L A PROMESSE BAFOUÉE
D
OBAMA

Le grand écrivain Richard Ford, remarquable portraitiste de l'Amérique profonde, parle de son président, de son pays et de injustice

(奥深いアメリカの肖像を描いて注目すべき、著名な作家リチャード・フォードが、大統領と自らの国、不当性を語る)

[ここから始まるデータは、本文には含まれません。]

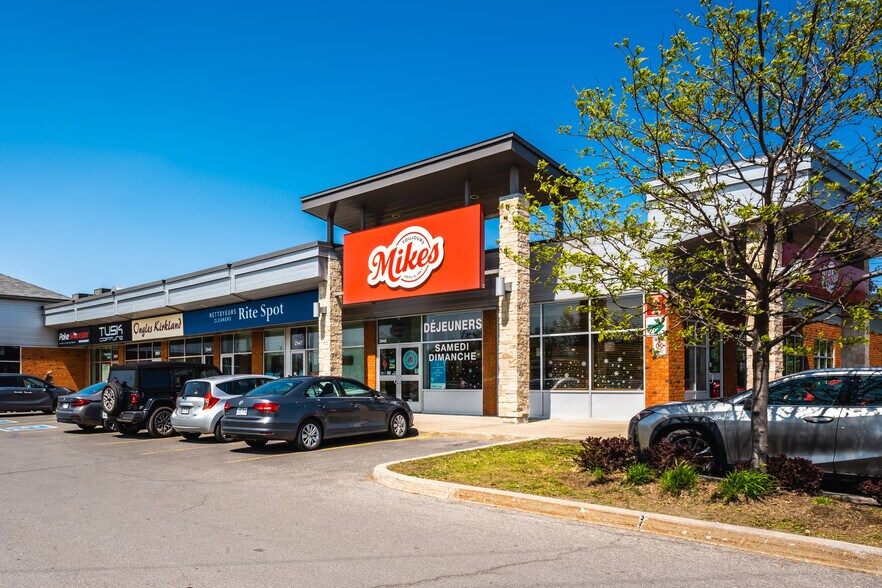 More Photos Of 2953 Boul Saint-Charles, Kirkland Unknown For Lease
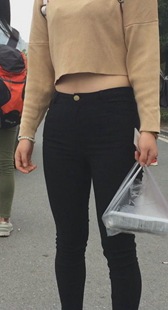 性感丰臀丰三角小少妇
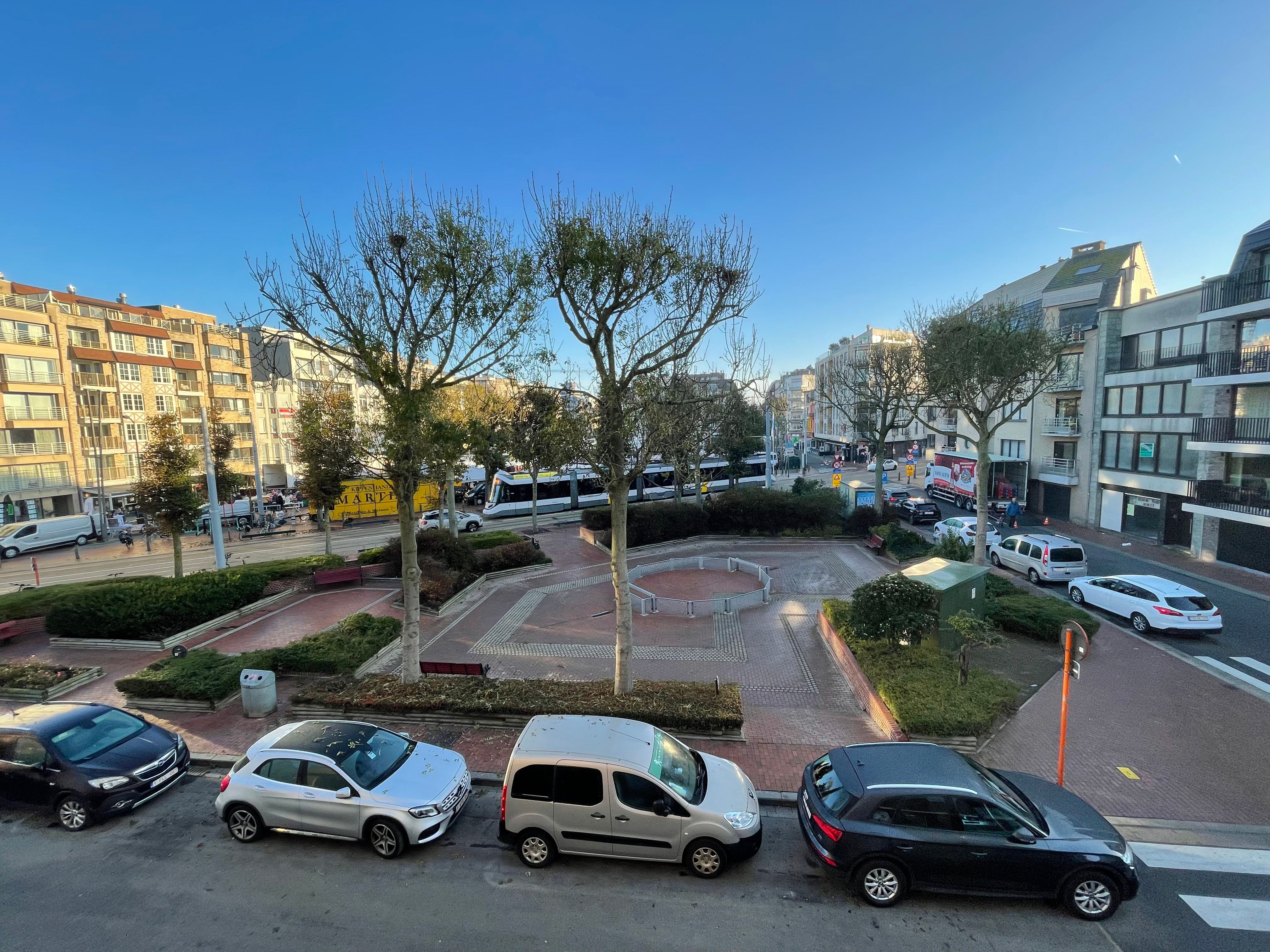 Mooi instapklaar appartement gelegen aan de Markt te Blankenberge met twee slaapkamers en terras. foto 9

PROPOS RECUEILLIS PAR FRANÇOIS ARMANET



Le Nouvel Observateur それぞれの本で、あなたはアメリカ中産階級の類まれな観察者として認められてきました。この奥深いアメリカは今日、どのような状況でしょうか?
Richard Ford どの人種集団もひっくるめて、アメリカ人は皆、自分の生活が今あるよりも良くなるはずだったという感情を共有しています、ごくわずかな特権階級や強者を除いて。騙し取られた、蔑にされた約束、という感情を。確かに、我々は自分自身のことしか考えられない。しかし私は絶えず、事態が本来あるべきだった状態ではないという感覚に直面しています。黒人にとって、あるいはメキシコ人移民にとって、この社会的不公平の感情は正当です。しかし白人中産階級でさえも騙されたと感じ、急進化し、極右思想に転向しています。国民国家という思想の危機の原因はそこにあります。オバマの大統領当選は私がこれまでに経験した最も重要な政治的事件の一つです。それでもこの当選は蔑にされた約束という印象を強めるだけでした。最もオバマを憎んでいるのが誰かご存知ですか? 黒人です。最近、アラバマ州の小さな黒人向け大学の学長と飛行機に乗りましたが、彼はこう言いました、「オバマは我々に何もしてくれなかった。」 これはもちろん、間違いです。しかし黒人は、オバマが十分にはしなかったという気持ちを抱いています。含みを帯びた判定の代わりに、全面的な拒絶が観察されます。
人々が毎日オバマに何かを要求しているという印象があります。彼が多くの努力をしていると、私は本当に信じていますが、毎日の奇跡を彼に期待することなどできません。さらに、有権者は非常に多様であり、彼を憎む共振駅な人種差別主義者をも含みます。ある著名な法律家が言ったように、「自由の精神は、敵対者に余地を残しておく能力から成る。」 これこそオバマがしようと努めていることです。たとえ敵対者が醜い動機を持っている時でも。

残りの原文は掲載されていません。